たとえば赤は、疱瘡(天然痘)よけなどの病よけや厄除けの色として扱われ、赤い人形やお守りが身近に置かれていた。人の出入りが多い場所だからこそ、そういう意味を強く感じた人もいたと思います。
そして鶴岡では、そのだるまを手に入れられる日が、観音様のお歳夜(だるま市)だった。町の中心がにぎわう夜に、いつもとは違う空気の中でだるまを買い、「来年はこうする」と目を入れる。だるまは、縁起物というより、来年の自分に置いておく“しるし”になったのかもしれません。
⑤ 切山椒の歴史:だるま市の“味の合図”
そして鶴岡のだるま市に欠かせないのが、切山椒。短冊状の餅菓子で、甘さのあとに山椒の香りがピリッと立つ、あれです。

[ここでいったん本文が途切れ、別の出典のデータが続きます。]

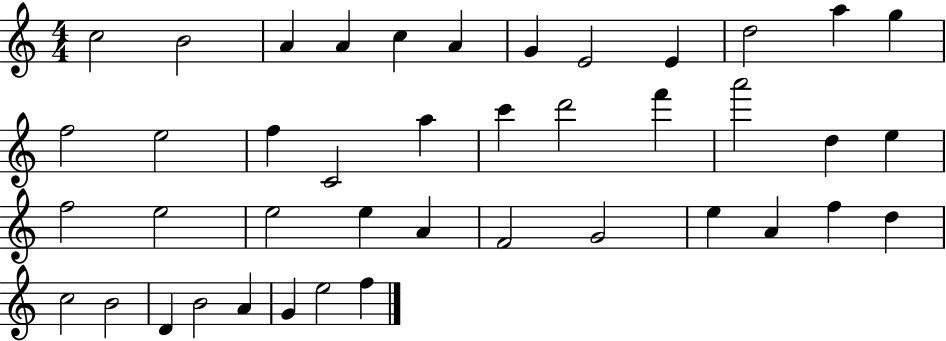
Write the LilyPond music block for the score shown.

{
  \clef treble
  \numericTimeSignature
  \time 4/4
  \key c \major
  c''2 b'2 | a'4 a'4 c''4 a'4 | g'4 e'2 e'4 | d''2 a''4 g''4 | \break f''2 e''2 | f''4 c'2 a''4 | c'''4 d'''2 f'''4 | a'''2 d''4 e''4 | \break f''2 e''2 | e''2 e''4 a'4 | f'2 g'2 | e''4 a'4 f''4 d''4 | \break c''2 b'2 | d'4 b'2 a'4 | g'4 e''2 f''4 | \bar "|."
}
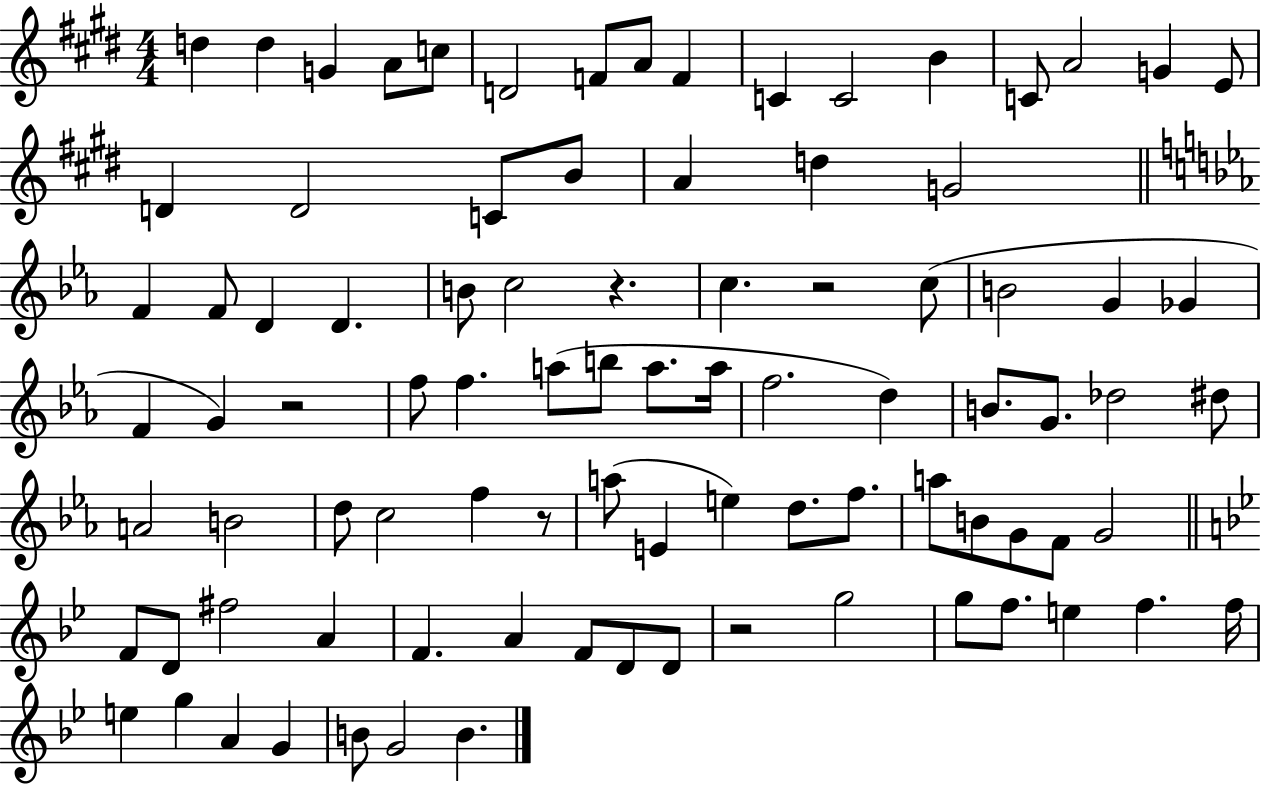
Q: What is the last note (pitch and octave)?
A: B4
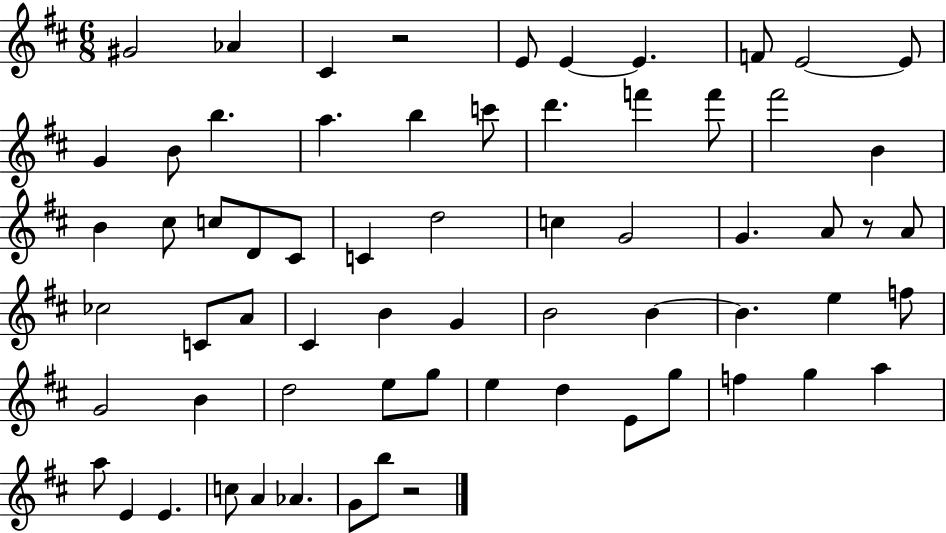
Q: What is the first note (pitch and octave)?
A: G#4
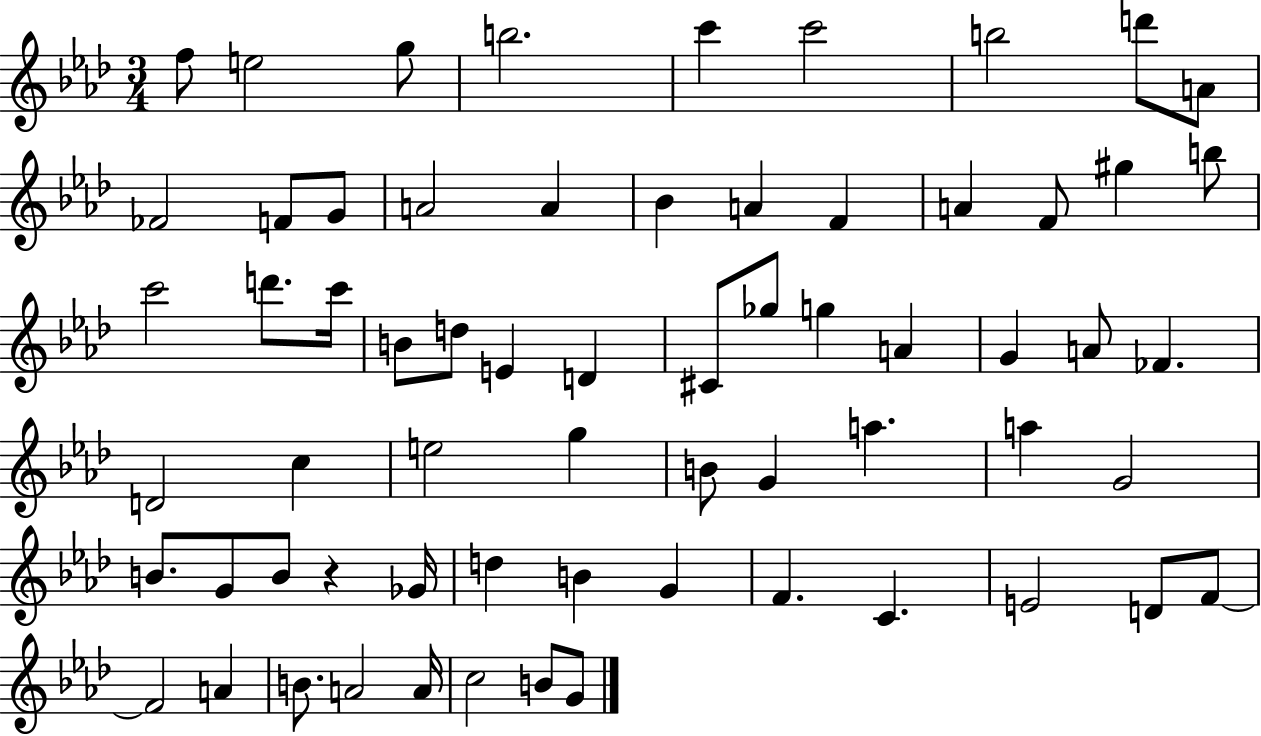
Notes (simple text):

F5/e E5/h G5/e B5/h. C6/q C6/h B5/h D6/e A4/e FES4/h F4/e G4/e A4/h A4/q Bb4/q A4/q F4/q A4/q F4/e G#5/q B5/e C6/h D6/e. C6/s B4/e D5/e E4/q D4/q C#4/e Gb5/e G5/q A4/q G4/q A4/e FES4/q. D4/h C5/q E5/h G5/q B4/e G4/q A5/q. A5/q G4/h B4/e. G4/e B4/e R/q Gb4/s D5/q B4/q G4/q F4/q. C4/q. E4/h D4/e F4/e F4/h A4/q B4/e. A4/h A4/s C5/h B4/e G4/e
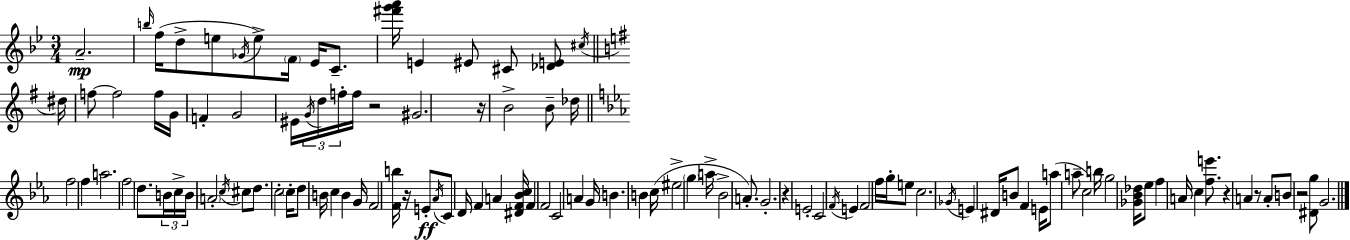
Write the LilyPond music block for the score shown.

{
  \clef treble
  \numericTimeSignature
  \time 3/4
  \key g \minor
  a'2.--\mp | \grace { b''16 } f''16( d''8-> e''8 \acciaccatura { ges'16 }) e''8-> \parenthesize f'16 ees'16 c'8.-- | <fis''' g''' a'''>16 e'4 eis'8 cis'8 <des' e'>8 | \acciaccatura { cis''16 } \bar "||" \break \key g \major dis''16 f''8~~ f''2 f''16 | g'16 f'4-. g'2 | eis'16 \tuplet 3/2 { \acciaccatura { g'16 } d''16 f''16-. } f''16 r2 | gis'2. | \break r16 b'2-> b'8-- | des''16 \bar "||" \break \key c \minor f''2 f''4 | a''2. | f''2 d''8. \tuplet 3/2 { b'16 | c''16-> b'16 } \parenthesize a'2-. \acciaccatura { c''16 } cis''8 | \break d''8. c''2-. | \parenthesize c''16-. d''8 b'16 c''4 b'4 | g'16 f'2 <f' b''>16 r16 e'8-.\ff | \acciaccatura { aes'16 } c'8 d'16 f'4 a'4 | \break <dis' f' bes' c''>16 f'4 f'2 | c'2 a'4 | g'16 b'4. b'4 | c''16( eis''2-> \parenthesize g''4 | \break a''16-> bes'2-> a'8.-.) | g'2.-. | r4 e'2-. | c'2 \acciaccatura { f'16 } e'4 | \break f'2 f''16 | g''16-. e''8 c''2. | \acciaccatura { ges'16 } e'4 dis'16 b'8 f'4 | e'16 a''8( a''8-- c''2) | \break b''16 g''2 | <ges' bes' des''>16 ees''8 f''4 a'16 c''4 | <f'' e'''>8. r4 a'4 | r8 a'8-. b'8 r2 | \break <dis' g''>8 g'2. | \bar "|."
}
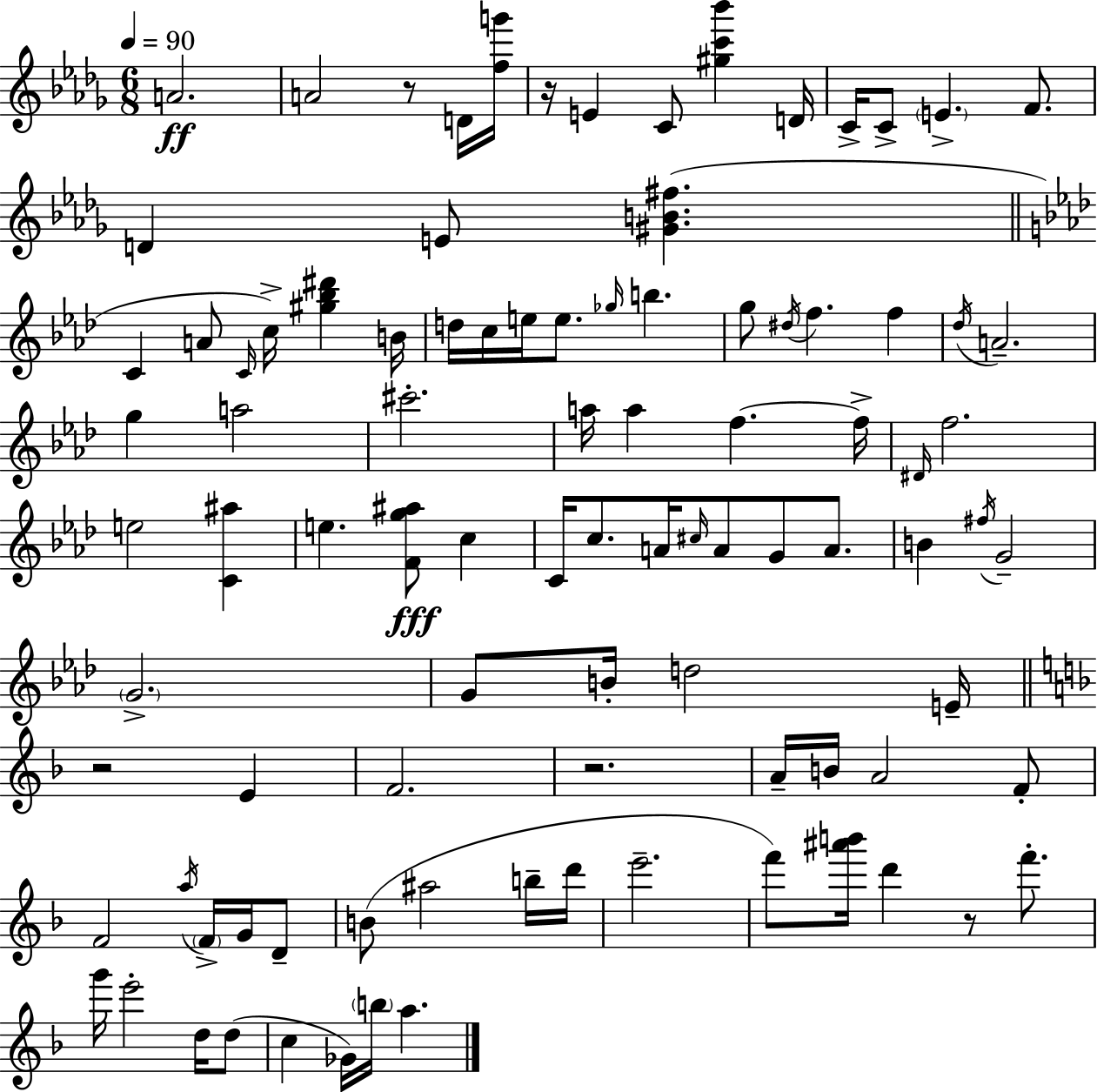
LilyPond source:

{
  \clef treble
  \numericTimeSignature
  \time 6/8
  \key bes \minor
  \tempo 4 = 90
  a'2.\ff | a'2 r8 d'16 <f'' g'''>16 | r16 e'4 c'8 <gis'' c''' bes'''>4 d'16 | c'16-> c'8-> \parenthesize e'4.-> f'8. | \break d'4 e'8 <gis' b' fis''>4.( | \bar "||" \break \key aes \major c'4 a'8 \grace { c'16 }) c''16-> <gis'' bes'' dis'''>4 | b'16 d''16 c''16 e''16 e''8. \grace { ges''16 } b''4. | g''8 \acciaccatura { dis''16 } f''4. f''4 | \acciaccatura { des''16 } a'2.-- | \break g''4 a''2 | cis'''2.-. | a''16 a''4 f''4.~~ | f''16-> \grace { dis'16 } f''2. | \break e''2 | <c' ais''>4 e''4. <f' g'' ais''>8\fff | c''4 c'16 c''8. a'16 \grace { cis''16 } a'8 | g'8 a'8. b'4 \acciaccatura { fis''16 } g'2-- | \break \parenthesize g'2.-> | g'8 b'16-. d''2 | e'16-- \bar "||" \break \key f \major r2 e'4 | f'2. | r2. | a'16-- b'16 a'2 f'8-. | \break f'2 \acciaccatura { a''16 } \parenthesize f'16-> g'16 d'8-- | b'8( ais''2 b''16-- | d'''16 e'''2.-- | f'''8) <ais''' b'''>16 d'''4 r8 f'''8.-. | \break g'''16 e'''2-. d''16 d''8( | c''4 ges'16) \parenthesize b''16 a''4. | \bar "|."
}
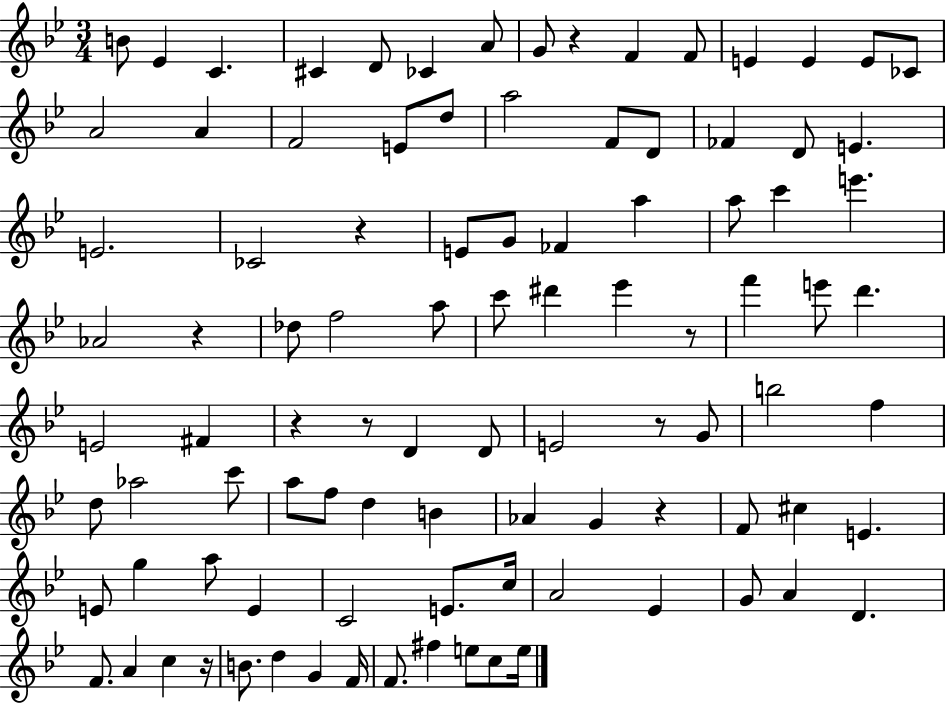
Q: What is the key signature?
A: BES major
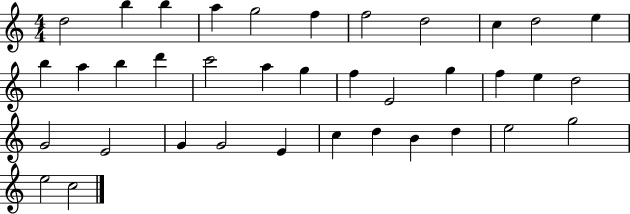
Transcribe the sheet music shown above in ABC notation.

X:1
T:Untitled
M:4/4
L:1/4
K:C
d2 b b a g2 f f2 d2 c d2 e b a b d' c'2 a g f E2 g f e d2 G2 E2 G G2 E c d B d e2 g2 e2 c2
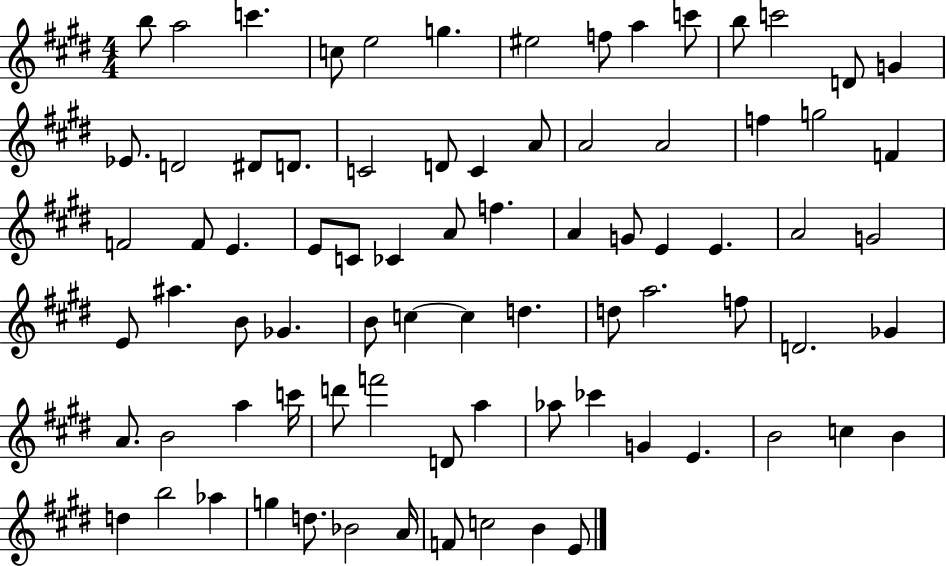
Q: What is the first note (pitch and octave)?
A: B5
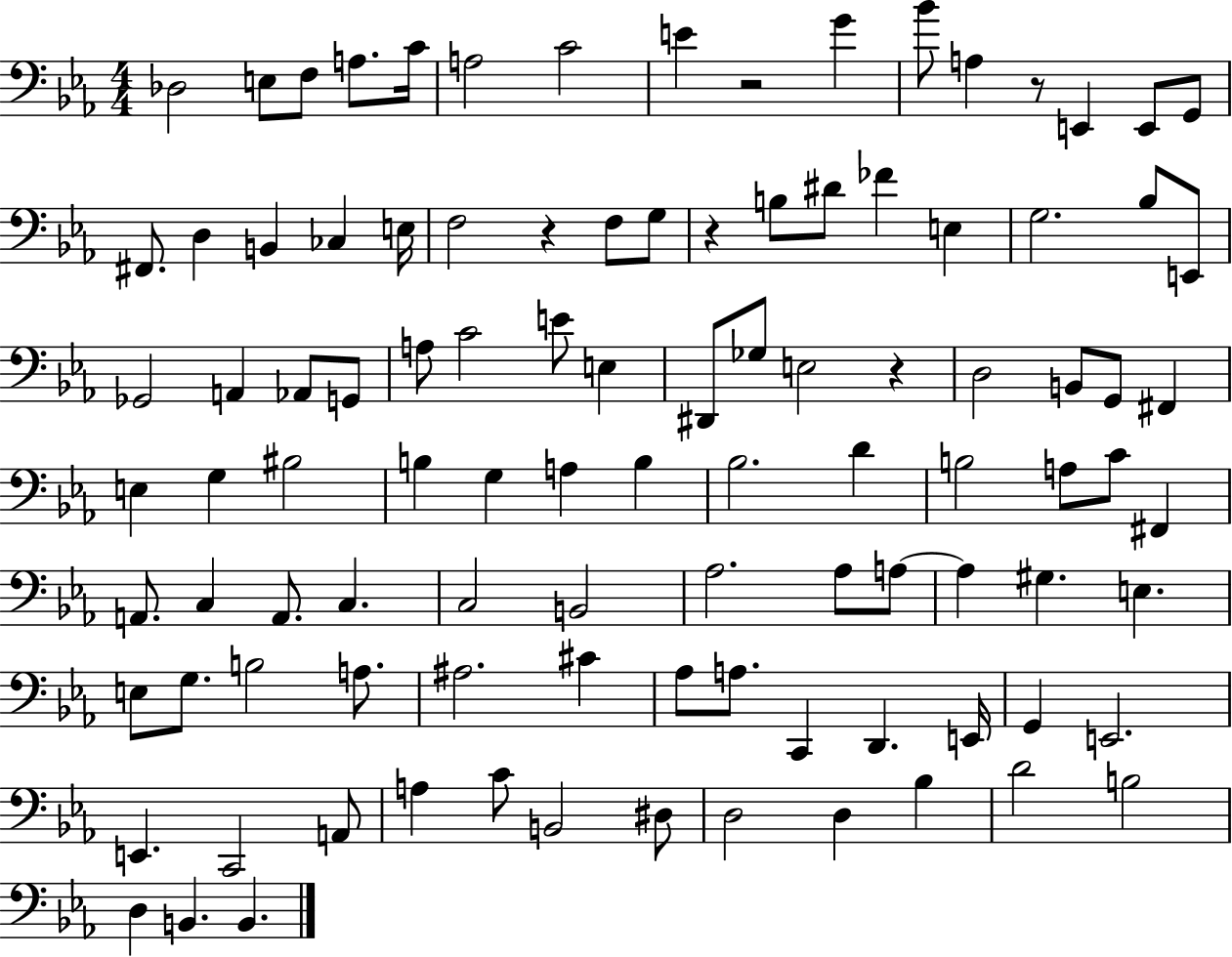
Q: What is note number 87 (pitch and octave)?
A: C4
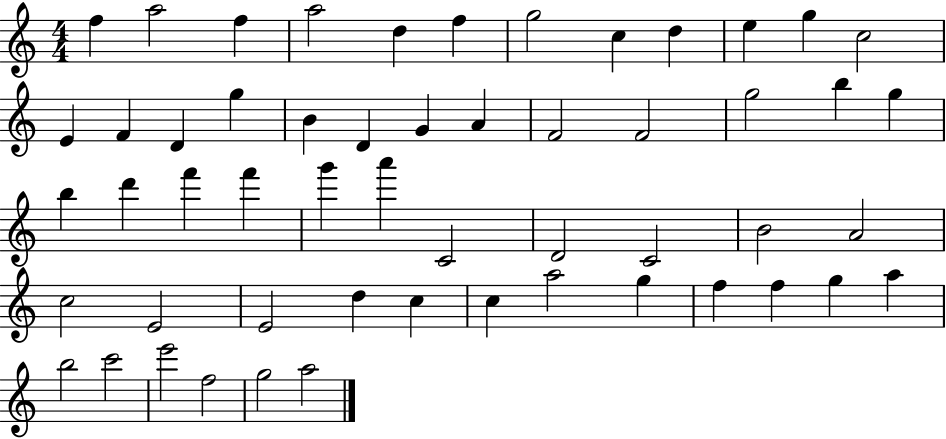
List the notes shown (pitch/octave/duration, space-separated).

F5/q A5/h F5/q A5/h D5/q F5/q G5/h C5/q D5/q E5/q G5/q C5/h E4/q F4/q D4/q G5/q B4/q D4/q G4/q A4/q F4/h F4/h G5/h B5/q G5/q B5/q D6/q F6/q F6/q G6/q A6/q C4/h D4/h C4/h B4/h A4/h C5/h E4/h E4/h D5/q C5/q C5/q A5/h G5/q F5/q F5/q G5/q A5/q B5/h C6/h E6/h F5/h G5/h A5/h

切山椒って、お菓子なのに、なぜか「行事の一部」みたいな顔をしてる。香りが強いから、記憶に残るんですよね。「この香りが出たら、年末だ」って、体が先に理解する。
じゃあ、なぜ「だるま市」で切山椒なのか。
わたしは、理由はわりと現実的だと思っています。
ひとつは、持ち帰りやすいこと。寒い時期の縁日で、家に持って帰って分けられる。手土産にもなる。年の瀬の買い物の流れに、すっと入るお菓子です。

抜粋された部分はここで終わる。